RAG 2.0 Japanese Search Evaluation Guide (Detailed)

Version: 1.0
Date: 2026-05-20
Status: Production-Ready
Document ID: RAG-JP-EVAL-GUIDE-001

Overview

This document explains how to evaluate search accuracy of the EvoSpikeNet RAG system for Japanese language processing.

Target Audience

Developers: Measure search accuracy for Phase 1-5
Operations: Continuous quality monitoring and alerting
Researchers: Algorithm improvement verification

Evaluation Flow

Evaluation Workflow:
  Test cases → Variation eval + Entity eval → Metrics aggregation
              ↓                              ↓
              Execution                      Report generation
              ↓
              Improvement proposals

Quick Start

1. Install Dependencies

cd /path/to/rag-system
pip install pandas numpy pyyaml sudachi elasticsearch pymilvus transformers tner

2. Run Evaluation

# Full evaluation
python backend/evaluate_robustness.py

# Variation only
python backend/evaluate_robustness.py --variation-only

# Entity only
python backend/evaluate_robustness.py --entity-only

3. Check Results

Generated Files:

backend/
├── variation_results.csv      # Variation evaluation results
├── entity_results.csv         # Entity evaluation results
└── evaluation_report.txt      # Summary report

Detailed Usage

A. Text Variation Evaluation

A.1 Concept

Text variation refers to different representations of the same concept (common in Japanese):

Example: "盆休み", "お盆休み", "盆期間"
→ All should find the same document

Example: "サーバー" vs "サーバ"
→ Long vowel variation

A.2 Evaluation Metrics

Metric	Definition	Formula	Target
MRR	Reciprocal rank of correct document	1/rank or 0	> 0.7
found_rate	Ratio of variations finding correct doc	found/total	> 0.8
MRR_std	Standard deviation of MRR	std(MRRs)	< 0.15

A.3 Implementation

from backend.evaluate_robustness import RAGRobustnessEvaluator
import yaml

rag = EvoRAG(llm_type="huggingface")
evaluator = RAGRobustnessEvaluator(rag)

with open("backend/test_cases.yaml") as f:
    cases = yaml.safe_load(f)

results_df = evaluator.variation_eval.evaluate_variation_set(cases["variation"])
results_df.to_csv("variation_results.csv", index=False)

A.4 Result Interpretation

MRR Value  │ Rank  │ Assessment
───────────┼───────┼─────────────
1.0        │ 1st   │ ✓ Perfect
0.5        │ 2nd   │ ✓ Good
0.33       │ 3rd   │ △ Needs work
0.0        │ None  │ ✗ Not found

B. Named Entity Evaluation

B.1 Concept

Named entities are meaningful noun phrases: person names, organizations, project IDs, product names.
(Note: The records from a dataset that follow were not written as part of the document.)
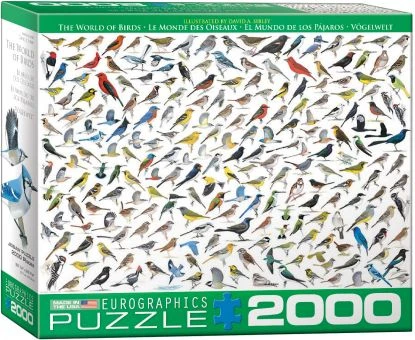 EuroGraphics 8220-0821 Die Welt Der Vögel 2000-teiliges Puzzle 3 EuroGraphics 8220-0821 Die Welt Der Vögel 2000-teiliges Puzzle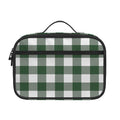 Forest Green Buffalo Check Pattern Print Portable Lunch Bag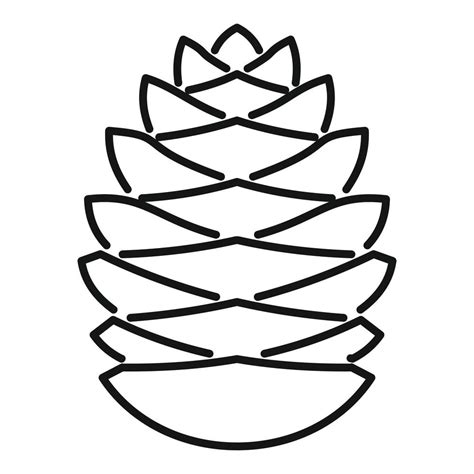 Pinecone Icon Outline Style 14623917 Vector Art At Vecteezy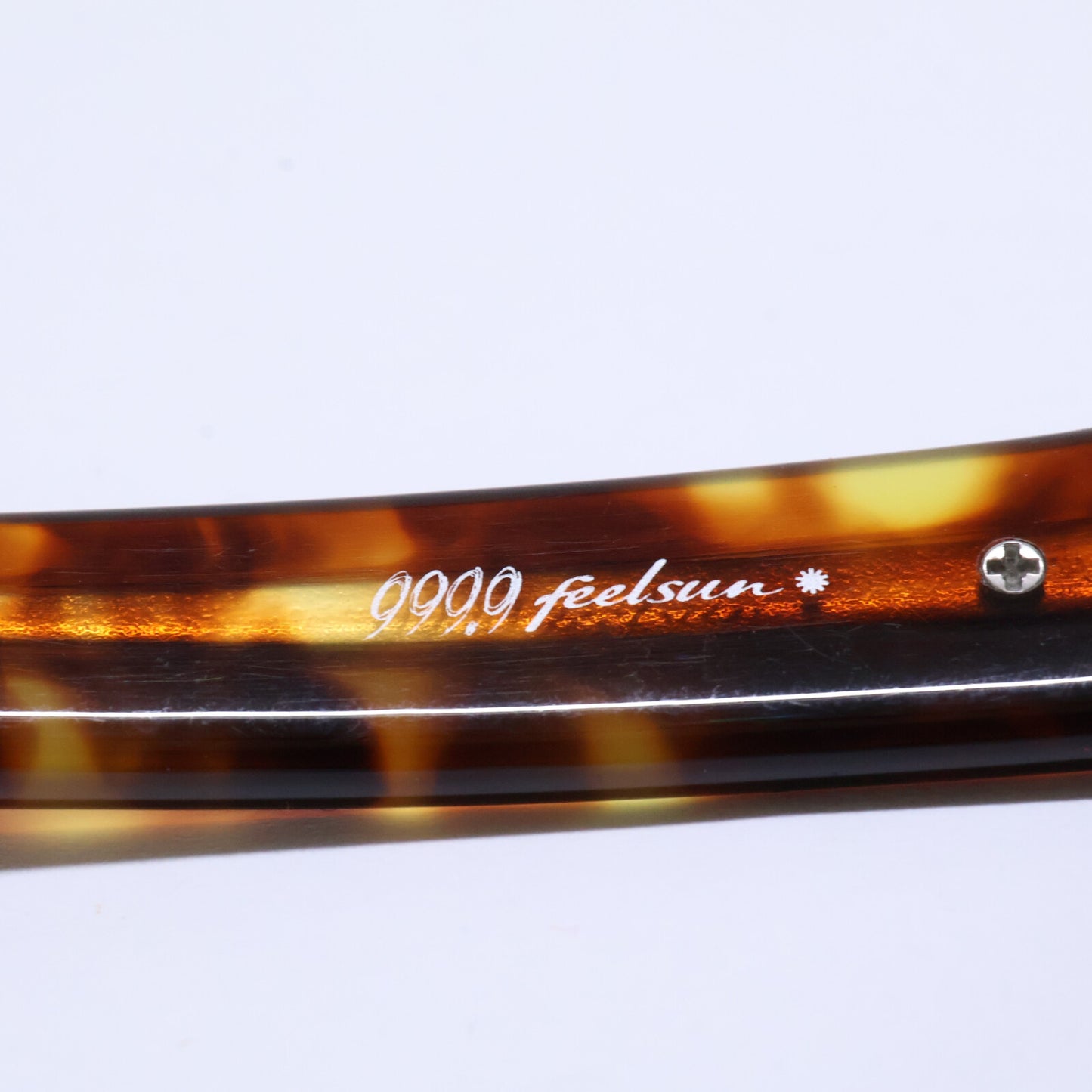 999.9 フォーナインズ 【新品同様】999.9 feelsun フォーナインズフィールサン F-03AP 650 ウェリントンシェイプ サングラス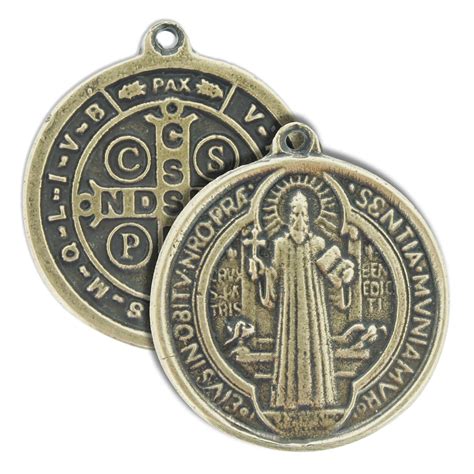 Medalha de São Bento Ouro Velho 32mm Universo Religioso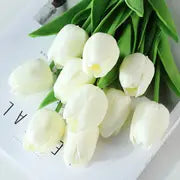 Artificial Tulip Flower Stems – 5PCS Faux Tulips for Home Decor, Vases & Gifts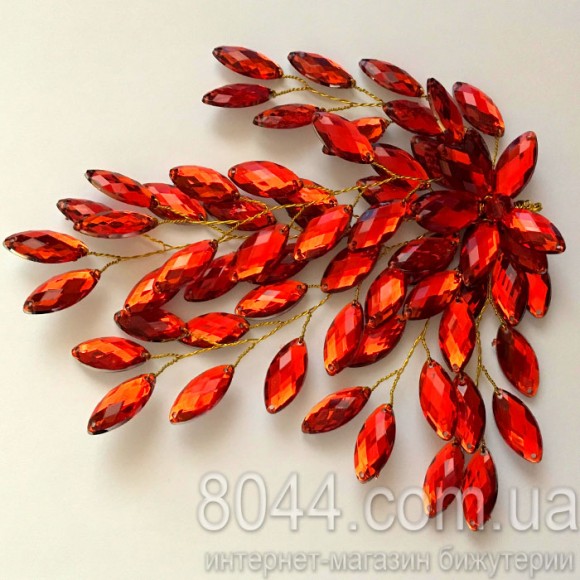 Украшение в причёску Кристальный цветок Украшение в причёску Кристальный цветок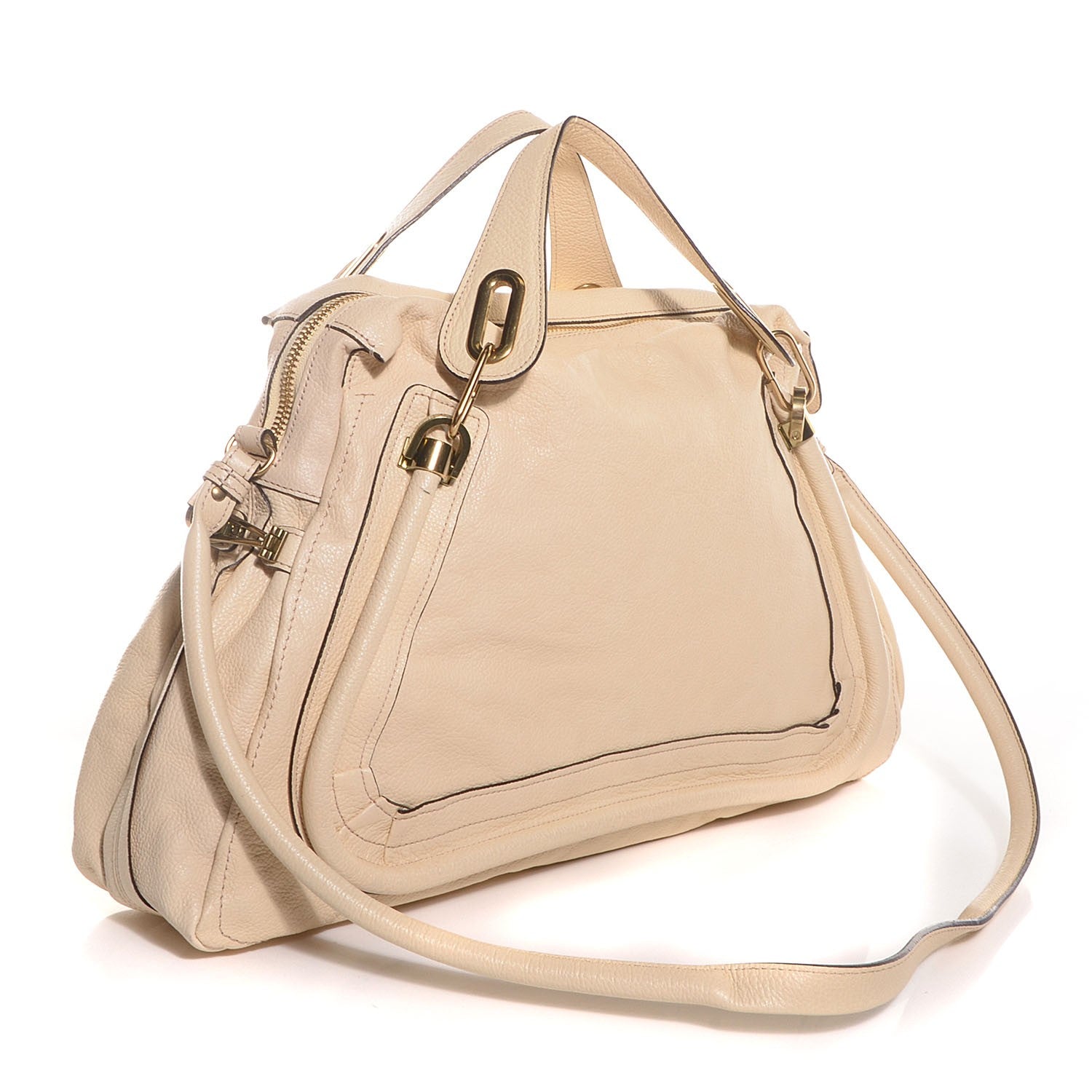 Chloe Calfskin Large Paraty Biscotti Beige 3 of 8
Example: Project ID "EV-2024-001"
→ Should match exactly when in query

Example: Person name "John Doe"
→ Should not confuse with "Jane Doe"

B.2 Evaluation Metrics

Metric	Definition	Formula	Target
Recall	Correct docs found / total correct	found/total_correct	> 0.8
Precision	Correct results / all results	correct/returned	> 0.8
F1 Score	Harmonic mean	2(P*R)/(P+R)	> 0.75

B.3 Implementation

entity_cases = cases["entity"]
results_df = evaluator.entity_eval.evaluate_entity_set(entity_cases)

# Summary by entity type
summary = results_df.groupby("entity_type")[["recall", "precision", "f1_score"]].mean()
print(summary)

results_df.to_csv("entity_results.csv", index=False)

Evaluation Criteria & Improvement Guide

Variation: MRR < 0.5

Symptoms:

Query: "お盆休みの規定"
Expected: DOC_001 appears in top-3
Actual: DOC_001 not found (MRR = 0.0)

Improvement Strategy:

Upgrade Sudachi (Priority: High)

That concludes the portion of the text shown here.